MUSHARRAF, Presidente del Pakistan. Vorrei dire una cosa. Lei ha fatto una bella dichiarazione, non c'era proprio una domanda in questa sua dichiarazione, questo suo commento, però vorrei aggiungere qualcosa, qualcosa che mi è venuto in mente in quanto lei ha detto della percezione del mondo islamico. Ho detto già che ho diviso la società pakistana in moderati, maggioranza, poi estremisti e fondamentalisti. Questo è qualcosa che riguarda la maggior parte dei Paesi musulmani: una grande maggioranza di moderati. Ma sono dei moderati silenziosi e l'idea che mi è venuta in mente mentre lei parlava: quando qualcuno che viene dall'Occidente esamina le nostre società coglie degli aspetti errati. Innanzitutto pensa che chiunque sia religioso sia un estremista o un integralista, cosa che non è vera. Al contrario, la maggior parte di noi è religioso ma siamo tutti, la maggior parte, anche moderati, non siamo degli estremisti ed in secondo luogo, qualsiasi figura di spicco, personalità religiose, ONG o personalità politiche che vengono in visita in Pakistan tendono ad interagire con una classe di fondamentalisti. Sono degli ultramodernisti in realtà, sono persone che vanno al di là della modernità della società, sono degli occidentalizzati, per così dire. Noi non vogliamo essere occidentalizzati, vogliamo mantenere la nostra cultura pur essendo moderni. Quindi quando vengono queste persone in visita, in genere, hanno come controparte questi ultramodernisti che a loro volta fomentano questa errata percezione del Pakistan e quindi all'estero si ha la sensazione che chiunque sia religioso sia anche integralista. Quindi tutta la società, la nostra società, una società di integralisti e vorrei dire a questo illustre consesso, chiunque venga nel nostro mondo, a chiunque viene a visitare il Paese per cortesia cercate di incontrare la gente del Paese, non limitatevi a parlare con gli ultramodernisti o con una piccola minoranza, perché non è vero che tutti sono integralisti perché sono religiosi. Cercate di capire, di vedere qual è il vero Pakistan, incontrate le masse, non incontrate soltanto le minoranze degli ultramodernisti o i fondamentalisti, cercate di vedere coloro che sono al centro.

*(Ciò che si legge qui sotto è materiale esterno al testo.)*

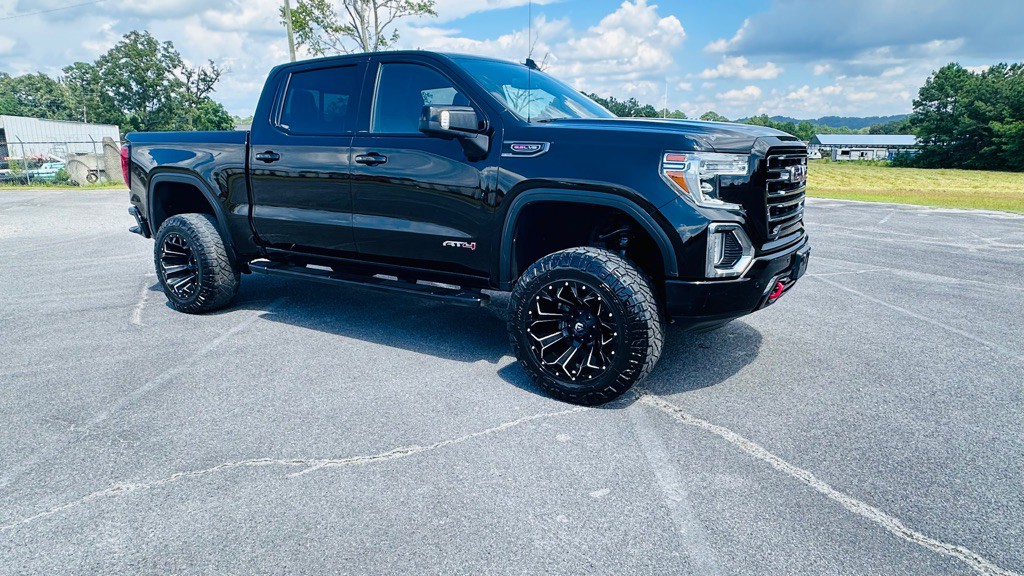 2020 GMC Sierra Image 2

D'ONOFRIO (UDC). Un'ultima questione, almeno per quanto riguarda l'interesse italiano in particolare. L'Italia è molto impegnata negli ultimi tempi sul tema della riforma delle Nazioni Unite e ha preso posizione contraria a nuovi membri permanenti delle Nazioni Unite, del Consiglio di sicurezza in particolare. Abbiamo molto apprezzato la sua dichiarazione che anche il Pakistan lei ritiene che debba essere contrario a nuovi membri permanenti del Consiglio di sicurezza. Ma la domanda è questa: oltre ad una contrarietà lei ha anche un'idea su come potrebbe essere riorganizzato un Consiglio di sicurezza nel nuovo ordine internazionale?

MUSHARRAF, Presidente del Pakistan. Grazie per questa domanda. Il Pakistan non è favorevole ad un aumento nel numero dei seggi permanenti nel Consiglio di sicurezza delle Nazioni Unite per due motivi: innanzitutto il Pakistan ritiene che questo sarebbe contrario alle norme democratiche di uguaglianza sovrana tra gli Stati. Un tale cambiamento finirebbe per creare Stati più uguali di altri e questo vìola le regole stesse dell'uguaglianza. Secondo motivo: noi non siamo a favore dell'aumento nel numero di Paesi con privilegi speciali o particolari. La creazione, quindi, di altri Paesi più uguali rispetto agli altri. Qual è la soluzione? Di soluzioni potranno esservene molte, francamente non le ho studiate tutte ma, per esempio, si potrebbe immaginare un aumento nei seggi non permanenti per assicurare una migliore e maggiore rappresentatività regionale in modo da assicurare la presenza di tutte le Regioni nel Consiglio di sicurezza senza creare una classe di privilegiati.

PERA, Presidente del Senato. Presidente Musharraf, l'unica cosa che vorrei dirle, è che lei è anche uno degli ambasciatori più persuasivi del suo Paese, nel nostro Paese, in Italia. La ringrazio per questo suo intervento che è stato di grande stimolo per tutti noi.